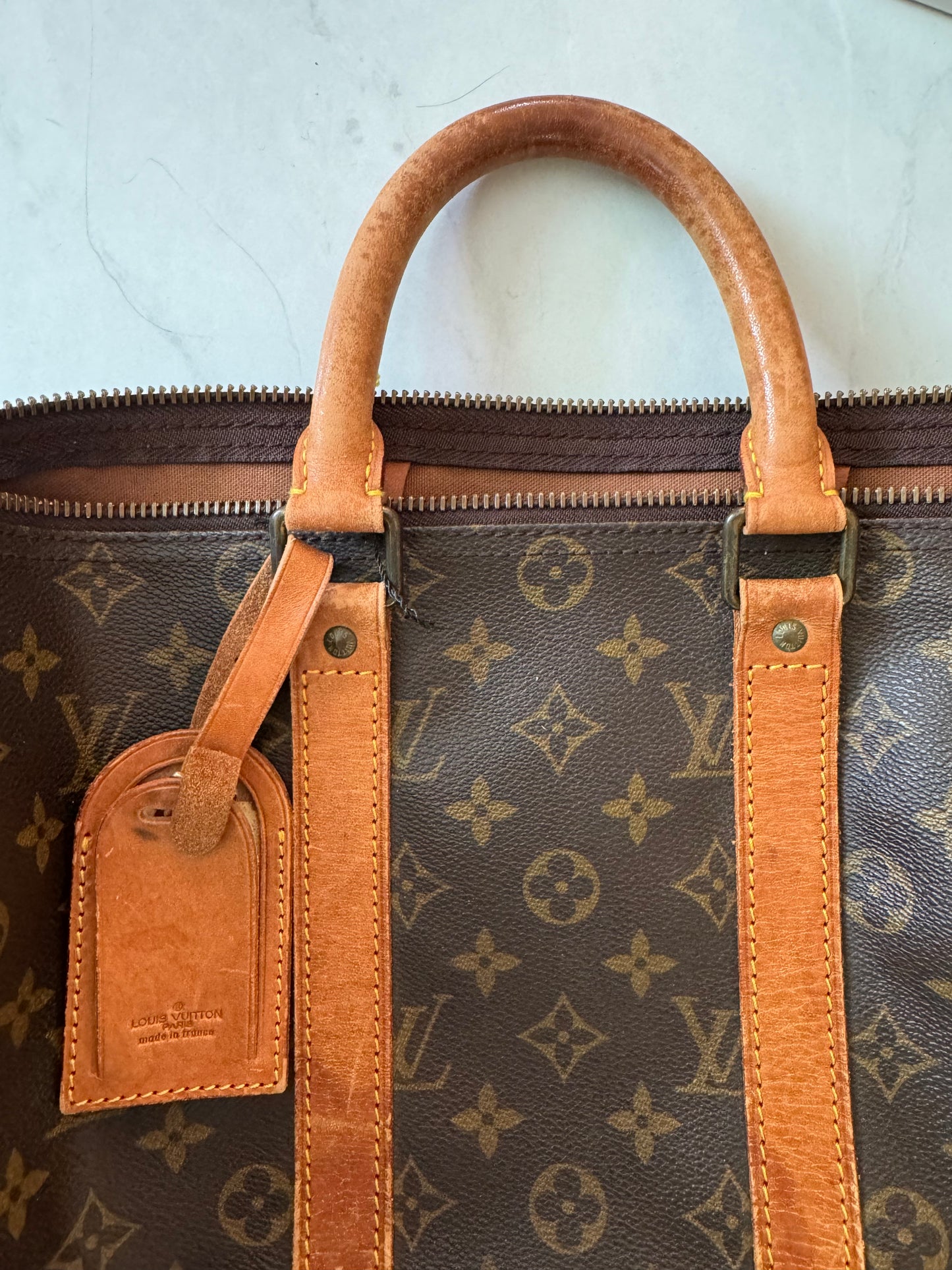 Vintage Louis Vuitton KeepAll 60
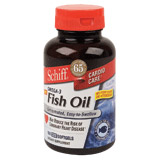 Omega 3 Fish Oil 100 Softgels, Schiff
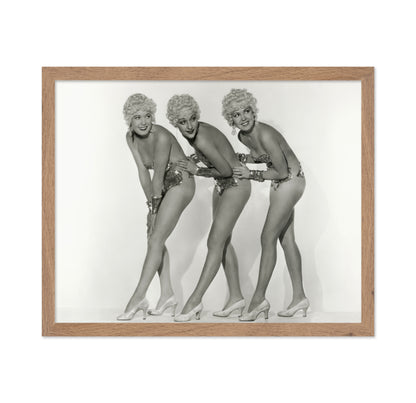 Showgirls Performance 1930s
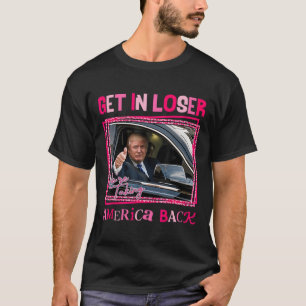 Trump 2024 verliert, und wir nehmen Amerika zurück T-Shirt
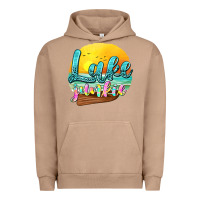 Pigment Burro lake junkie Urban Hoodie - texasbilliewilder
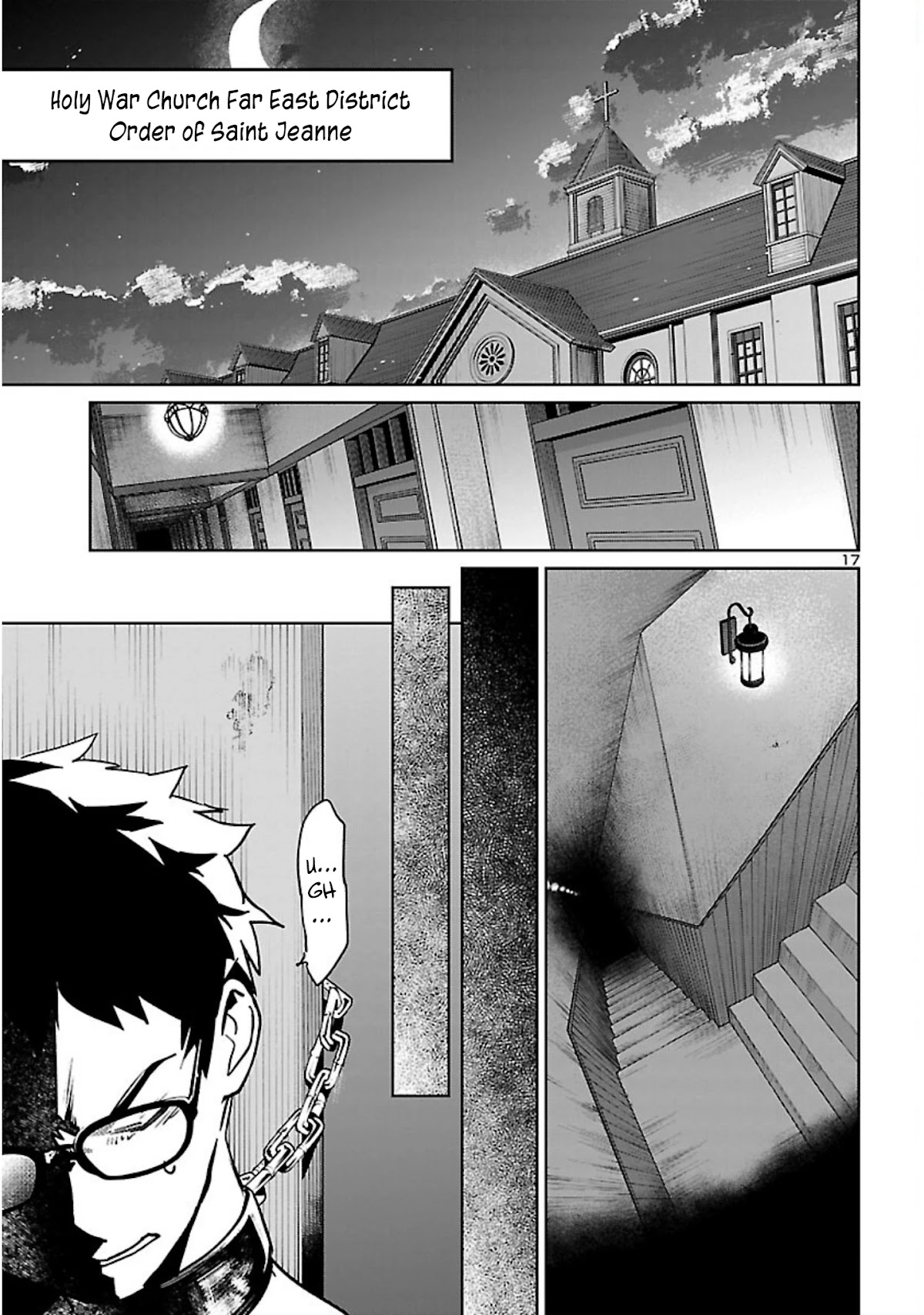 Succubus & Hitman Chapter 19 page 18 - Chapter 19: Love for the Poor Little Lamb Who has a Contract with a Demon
--
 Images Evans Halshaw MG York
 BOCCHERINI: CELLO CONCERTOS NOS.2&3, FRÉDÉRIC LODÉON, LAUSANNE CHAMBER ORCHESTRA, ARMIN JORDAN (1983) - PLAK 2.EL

Work to complete =>
Nothing but the lines from the one with "Vintage Louis Vuitton KeepAll 60" to the one with "Succubus & Hitman" above, both included, should be transcribed, exactly and without pictures.

Answer space =>
 Vintage Louis Vuitton KeepAll 60
 Omega 3 Fish Oil 100 Softgels, Schiff
 Showgirls Performance 1930s
 Trump 2024 verliert, und wir nehmen Amerika zurück T-Shirt
 Pigment Burro lake junkie Urban Hoodie - texasbilliewilder
 Succubus & Hitman Chapter 19 page 18 - Chapter 19: Love for the Poor Little Lamb Who has a Contract with a Demon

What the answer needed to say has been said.